That was the implication of a story in this weekend’s Wall Street Journal.

The story says that companies are moving their headquarters and major offices from locales that aren’t very diverse to those that are, such as Atlanta, so that they can hire and retain diverse employees. As used in the article, “diversity” is synonymous with “black.”

Sorry, my fellow Tucsonans, but Tucson has the wrong type of diversity.

I know the pluses and minuses of Atlanta very well, as I conducted a lot of business over my career in Atlanta and other parts of Georgia. In one case, I led an effort at a plant in Macon to teach literacy to black employees so they could retain their jobs as the plant converted to computer-controlled equipment. In another case, I fired a good ole boy who was a longtime HR manager at a plant in rural southern Georgia, because he was right out of central casting as a redneck.

Don’t think that the article won’t have an impact. In my years of management consulting, one of my biggest challenges was dealing with CEOs who would read a popular business book or business article about a new fad and then direct company managers to adopt the fad. Like most humans, most CEOs like to follow the herd.

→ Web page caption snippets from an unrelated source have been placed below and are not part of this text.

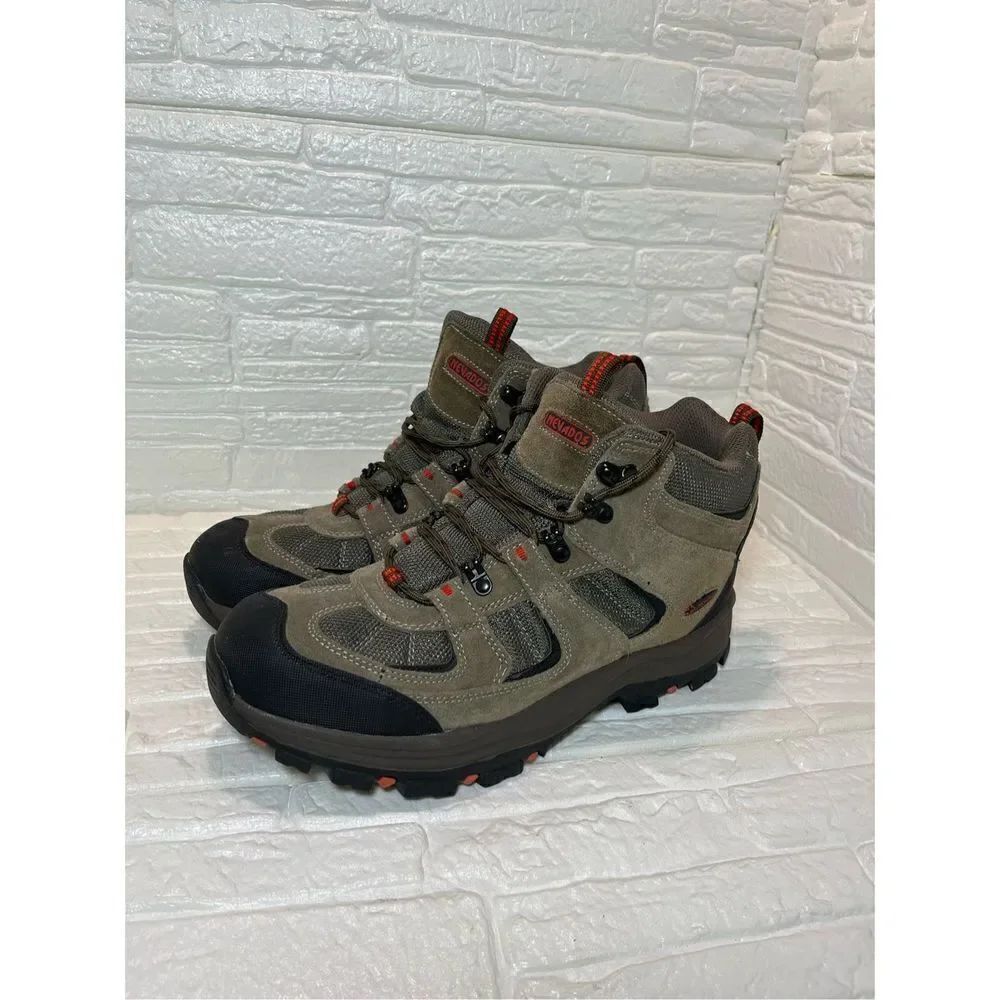 Mens Nevados Boomerang Mid Hiker shoes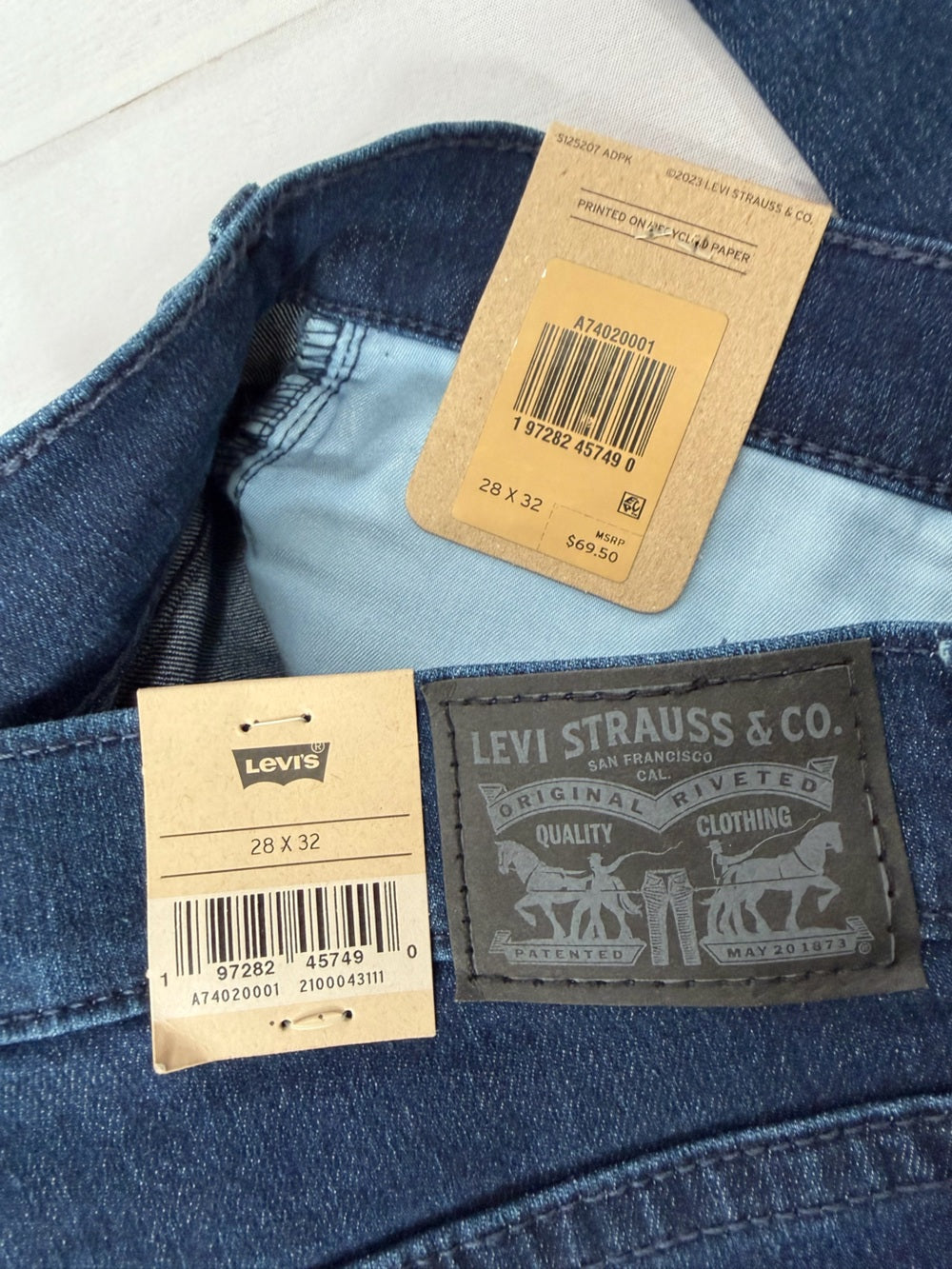 NWT Levi's 314 Shaping Straight Jeans Womens Size 28 x 32 Dark Wash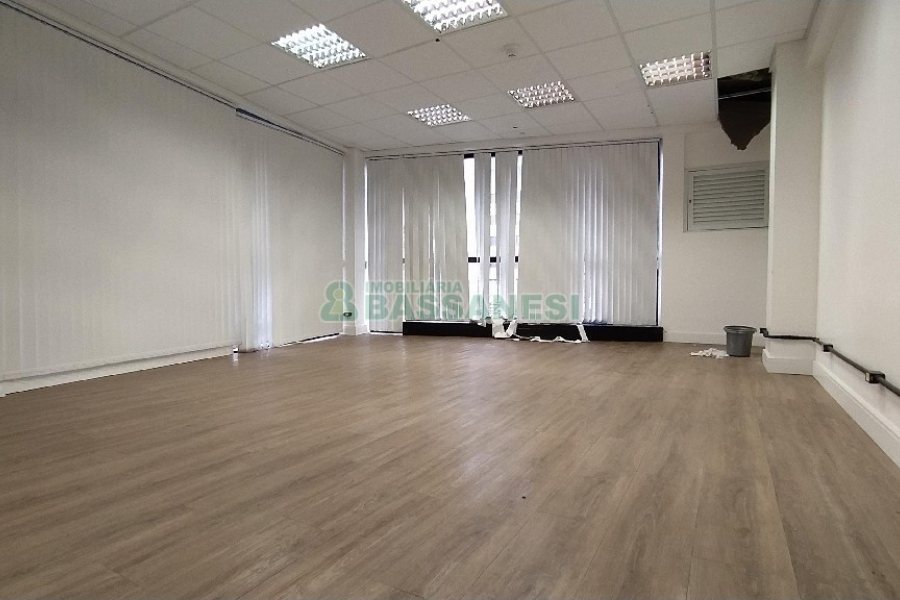 Sala com 399m², no bairro São Pelegrino em Caxias do Sul para Alugar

The print edition of the article has a confusing chart that lists cities that have a high, medium, or low “tech-talent diversity score” and a lower cost of living.  Tucson doesn’t make the list.  Amazingly, nor does my boyhood home of St. Louis, although the metropolis is very racially diverse; has a diverse economy of industrial, biotech, and financial giants; has abundant cultural attractions; has two top-notch universities; has hip gentrified neighborhoods, and has a low cost of living and affordable housing. Phoenix did make the list, however, as having a medium score.